Lab 20: Applications of SVD

In this lab, you will learn about applications of the singular value decomposition (SVD), like image compression and principal component analysis (PCA).

Application 1: Image compression

For this part of the lab, you will perform image compression using singular value decomposition. Image compression is the process of reducing the amount of data required to represent an image by removing redundant or less important information.
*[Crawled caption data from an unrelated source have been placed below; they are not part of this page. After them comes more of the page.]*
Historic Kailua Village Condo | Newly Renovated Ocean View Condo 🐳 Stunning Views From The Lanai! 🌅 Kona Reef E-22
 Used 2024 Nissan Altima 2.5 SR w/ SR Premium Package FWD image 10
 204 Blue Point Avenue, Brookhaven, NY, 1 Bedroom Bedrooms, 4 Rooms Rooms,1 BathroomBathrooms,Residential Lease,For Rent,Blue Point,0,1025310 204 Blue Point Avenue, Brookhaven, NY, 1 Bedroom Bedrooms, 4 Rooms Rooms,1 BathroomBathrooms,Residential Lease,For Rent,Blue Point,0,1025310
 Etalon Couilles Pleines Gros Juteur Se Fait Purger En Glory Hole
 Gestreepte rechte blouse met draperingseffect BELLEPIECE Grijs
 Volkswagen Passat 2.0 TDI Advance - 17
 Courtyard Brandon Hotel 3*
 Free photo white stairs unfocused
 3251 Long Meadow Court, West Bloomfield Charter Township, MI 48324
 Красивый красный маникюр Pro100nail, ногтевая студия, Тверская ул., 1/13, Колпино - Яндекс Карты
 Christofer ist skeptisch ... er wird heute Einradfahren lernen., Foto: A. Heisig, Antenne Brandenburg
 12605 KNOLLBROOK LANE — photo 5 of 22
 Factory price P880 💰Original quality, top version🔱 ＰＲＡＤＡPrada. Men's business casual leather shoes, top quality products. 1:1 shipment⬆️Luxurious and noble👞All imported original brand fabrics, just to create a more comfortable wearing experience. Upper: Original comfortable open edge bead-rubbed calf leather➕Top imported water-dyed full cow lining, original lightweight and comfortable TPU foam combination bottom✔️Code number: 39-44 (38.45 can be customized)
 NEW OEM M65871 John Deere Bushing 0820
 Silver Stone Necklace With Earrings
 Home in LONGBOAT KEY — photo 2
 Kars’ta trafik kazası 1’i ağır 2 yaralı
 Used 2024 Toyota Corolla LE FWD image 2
You will need to import the following:

>>> import numpy as np
>>> import numpy.linalg as la
>>> import matplotlib.pyplot as plt
>>> from skimage import data, color

First, let’s do a brief review of the SVD. Consider an arbitrary matrix of size \(m \times n\) called \(A\). Recall that the singular value decomposition writes \(A\) in the form

\[A = U \Sigma V^T\]

The matrix \(U\) is an \(m \times m\) matrix with orthonormal columns, and \(V\) is an \(n \times n\) matrix with orthonormal columns. \(\Sigma\) is a \(m \times n\) diagonal matrix whose nonzero entries are the singular values of \(A\). We can use the NumPy function la.svd() to get these matrices in Python.

>>> U,S,VT = la.svd(A)

Python represents \(\Sigma\) as S, a 1-D NumPy array of the singular values of A. The np.diag() function will turn a 1-D NumPy array into a diagonal matrix. Remember that one of the most useful features of SVD is that when we use the first s ranks of S, we can obtain a relatively accurate approximation of the matrix \(A\).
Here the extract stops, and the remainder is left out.